Maximizing Database Performance: The Benefits of Full Compactions and Automated Scheduling
As discussed in our previous post on background compactions, YugabyteDB relies on RocksDB compaction algorithms for internal data management. The background compactions described in that post are well-optimized for new incoming writes. However, there are some scenarios where they fall short, and background algorithms may not compact some data often enough.Some scenarios include: workloads with a large number of updates or deletes, workloads with TTL enabled, and situations where data must be fully deleted by a specific date for compliance reasons. For those situations, full tablet compactions can fill those gaps.
In this blog, we will explore the advantages of performing full compactions and examine some scenarios in which they are commonly utilized. Additionally, we will provide instructions on how to set up automatic scheduling of full compactions in YugabyteDB. It is worth noting that while TTL (which is an exclusive feature of YCQL) is an exception, compactions are essentially the same in both YSQL and YCQL.
Benefits of Full Compactions
Background compactions contain a subset of files selected by one of two algorithms. These files are typically small and composed of newer data, and the compaction serves to organize that data into a larger file for the longer-term. This is done to maximize compaction effectiveness while minimizing their overhead. For many workloads (e.g. read- and insert-heavy workloads), background compactions are sufficient.
In contrast, full compactions involve combining all files within a single tablet into one large file. When performed on a table or TServer, full compactions are broken down into full compaction tasks for each of that table or TServer’s tablets. While the benefits of full compactions are similar to those of background compactions, they are executed on a larger scale to minimize overhead and prevent disruption of ongoing work.
Reduce Read Amplification
When a key is updated in YugabyteDB, it may have version updates stored in multiple files. During full compaction, only the necessary previous key/value (K/V) versions need to be retained for history retention.

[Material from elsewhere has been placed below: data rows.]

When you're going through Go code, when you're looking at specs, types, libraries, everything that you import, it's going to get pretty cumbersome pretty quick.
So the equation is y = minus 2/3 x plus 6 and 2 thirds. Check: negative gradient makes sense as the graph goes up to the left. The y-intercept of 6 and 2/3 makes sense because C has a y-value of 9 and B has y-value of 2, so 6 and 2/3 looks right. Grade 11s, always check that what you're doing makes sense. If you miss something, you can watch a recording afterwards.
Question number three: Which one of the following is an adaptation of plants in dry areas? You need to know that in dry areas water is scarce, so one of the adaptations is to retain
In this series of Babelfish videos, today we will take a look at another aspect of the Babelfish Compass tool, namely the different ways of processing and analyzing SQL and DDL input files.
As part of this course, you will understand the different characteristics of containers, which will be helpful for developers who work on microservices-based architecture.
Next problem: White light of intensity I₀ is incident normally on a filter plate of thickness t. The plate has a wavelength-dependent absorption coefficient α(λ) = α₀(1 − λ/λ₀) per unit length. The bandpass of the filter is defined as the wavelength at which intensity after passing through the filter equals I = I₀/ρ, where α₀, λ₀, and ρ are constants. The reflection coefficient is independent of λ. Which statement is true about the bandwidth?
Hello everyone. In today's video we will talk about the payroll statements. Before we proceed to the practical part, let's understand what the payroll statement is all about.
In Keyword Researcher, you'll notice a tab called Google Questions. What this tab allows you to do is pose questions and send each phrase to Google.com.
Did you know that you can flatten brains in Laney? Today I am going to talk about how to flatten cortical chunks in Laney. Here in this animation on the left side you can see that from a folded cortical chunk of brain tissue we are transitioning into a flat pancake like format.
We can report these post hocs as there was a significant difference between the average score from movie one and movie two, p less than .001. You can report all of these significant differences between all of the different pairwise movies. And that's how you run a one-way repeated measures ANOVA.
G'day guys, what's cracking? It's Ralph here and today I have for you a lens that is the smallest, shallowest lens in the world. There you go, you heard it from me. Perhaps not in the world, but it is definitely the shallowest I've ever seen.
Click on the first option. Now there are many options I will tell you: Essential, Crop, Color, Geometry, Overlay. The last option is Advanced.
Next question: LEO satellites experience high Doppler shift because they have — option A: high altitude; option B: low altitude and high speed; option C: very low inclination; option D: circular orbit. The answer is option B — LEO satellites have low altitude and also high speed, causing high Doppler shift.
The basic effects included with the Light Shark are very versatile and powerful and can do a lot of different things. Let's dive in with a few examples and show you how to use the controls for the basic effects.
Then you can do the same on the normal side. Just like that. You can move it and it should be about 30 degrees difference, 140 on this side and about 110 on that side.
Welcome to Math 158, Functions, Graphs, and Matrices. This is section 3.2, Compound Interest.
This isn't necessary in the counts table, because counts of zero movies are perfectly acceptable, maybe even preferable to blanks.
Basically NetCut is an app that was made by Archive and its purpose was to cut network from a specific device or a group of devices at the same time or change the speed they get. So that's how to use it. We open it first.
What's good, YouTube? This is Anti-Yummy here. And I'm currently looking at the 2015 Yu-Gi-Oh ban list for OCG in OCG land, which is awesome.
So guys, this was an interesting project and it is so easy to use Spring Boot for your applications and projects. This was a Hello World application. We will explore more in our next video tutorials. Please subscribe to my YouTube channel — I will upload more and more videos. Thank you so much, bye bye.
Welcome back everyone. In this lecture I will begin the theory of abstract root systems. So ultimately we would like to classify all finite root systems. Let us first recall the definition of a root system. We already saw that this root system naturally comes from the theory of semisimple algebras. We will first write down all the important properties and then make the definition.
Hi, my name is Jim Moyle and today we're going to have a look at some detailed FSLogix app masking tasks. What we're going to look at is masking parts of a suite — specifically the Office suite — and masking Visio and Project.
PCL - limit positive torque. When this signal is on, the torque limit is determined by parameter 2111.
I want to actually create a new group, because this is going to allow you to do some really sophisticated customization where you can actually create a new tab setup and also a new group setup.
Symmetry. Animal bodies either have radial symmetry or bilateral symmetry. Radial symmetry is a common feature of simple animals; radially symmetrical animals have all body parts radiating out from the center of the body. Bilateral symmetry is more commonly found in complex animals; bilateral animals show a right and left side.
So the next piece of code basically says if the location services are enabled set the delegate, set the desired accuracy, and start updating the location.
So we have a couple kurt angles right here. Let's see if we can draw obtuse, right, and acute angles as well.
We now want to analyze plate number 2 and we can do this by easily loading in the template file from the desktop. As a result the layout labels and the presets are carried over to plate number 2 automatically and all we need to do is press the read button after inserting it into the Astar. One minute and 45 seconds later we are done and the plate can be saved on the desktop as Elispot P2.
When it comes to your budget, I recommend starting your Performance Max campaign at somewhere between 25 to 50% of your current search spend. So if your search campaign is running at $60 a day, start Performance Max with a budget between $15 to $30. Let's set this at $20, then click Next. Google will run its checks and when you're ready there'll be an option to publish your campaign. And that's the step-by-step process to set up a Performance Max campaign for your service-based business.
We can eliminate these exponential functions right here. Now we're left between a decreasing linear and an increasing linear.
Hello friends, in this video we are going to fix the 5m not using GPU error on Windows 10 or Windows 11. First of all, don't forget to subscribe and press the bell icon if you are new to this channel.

If older versions are not required for history retention, then each data item will be consolidated to a single (most recent) version—now all in a single file.
In addition to consolidating versions, full compactions can also remove deleted tuples from file storage in YugabyteDB. When a user deletes data, it is not immediately removed from DocDB. Instead, a “tombstone” value is inserted for that key to indicate that it should no longer be accessed by queries. Because tuples in YugabyteDB are tombstoned at deletion time, they can persist in older uncompacted SST files for quite some time. Full compactions can include these older SSTs that may not be picked up by background compactions for a long period of time, freeing up space in the process. As a result, any deleted or obsolete versions of tuples (outside of history retention range, which is 15 minutes by default) will be removed.
Resources Required for Full Compactions (Don’t Call It a Vacuum!)
After reading the benefits section above, you may feel that full compactions may sound like the infamous Postgres
VACUUM command, especially since it pertains to its ability to reclaim space occupied by deleted tuples. While the end result is similar, compactions have two very significant advantages:
- Normal Postgres
VACUUMcommands (that do not require locks) do not reclaim space on disk. By contrast, YugabyteDB full compactions do reclaim space on disk.
- Full Postgres
VACUUMcommands will reclaim space but require an exclusive lock on the table or partition while they execute. On the other hand, full compactions in YugabyteDB do not require any locks on the tablet or its data. Because SST files are immutable once written, there is no need to create a lock during full compactions.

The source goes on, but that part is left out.